### Activity
Please return every line of the records that contains the word "Image".

### Data provided
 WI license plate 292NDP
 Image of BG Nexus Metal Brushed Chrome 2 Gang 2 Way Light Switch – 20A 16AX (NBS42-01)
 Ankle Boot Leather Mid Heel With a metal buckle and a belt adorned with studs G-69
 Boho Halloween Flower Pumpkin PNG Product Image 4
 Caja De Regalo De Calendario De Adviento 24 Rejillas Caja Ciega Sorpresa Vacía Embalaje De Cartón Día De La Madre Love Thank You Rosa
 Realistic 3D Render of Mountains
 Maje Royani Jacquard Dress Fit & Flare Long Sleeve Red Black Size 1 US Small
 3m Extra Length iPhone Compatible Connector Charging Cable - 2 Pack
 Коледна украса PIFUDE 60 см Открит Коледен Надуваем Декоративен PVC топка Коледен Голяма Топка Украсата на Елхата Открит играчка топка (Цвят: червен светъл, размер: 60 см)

--

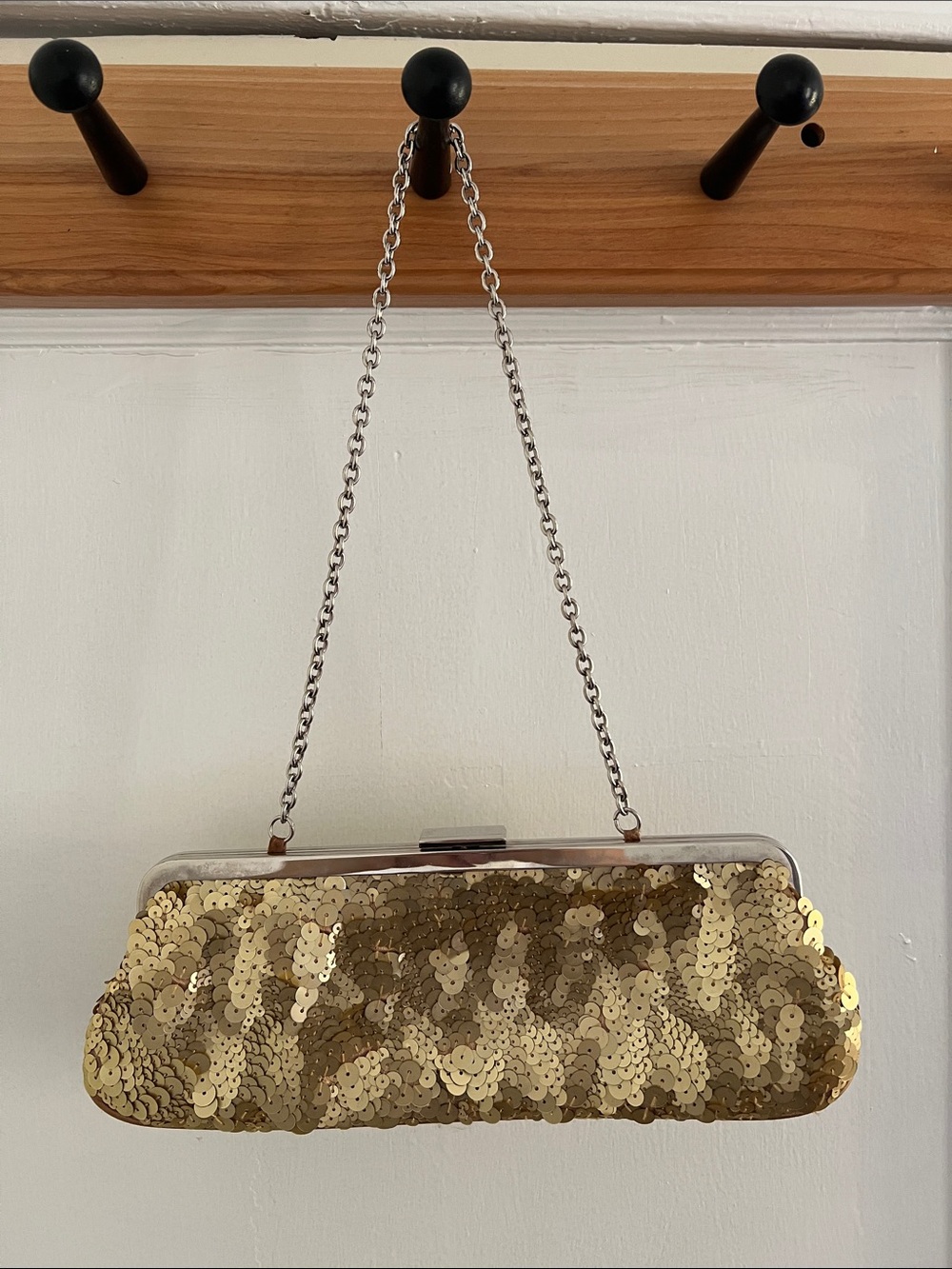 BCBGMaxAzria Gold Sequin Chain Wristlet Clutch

### Result for this task
 Image of BG Nexus Metal Brushed Chrome 2 Gang 2 Way Light Switch – 20A 16AX (NBS42-01)
 Boho Halloween Flower Pumpkin PNG Product Image 4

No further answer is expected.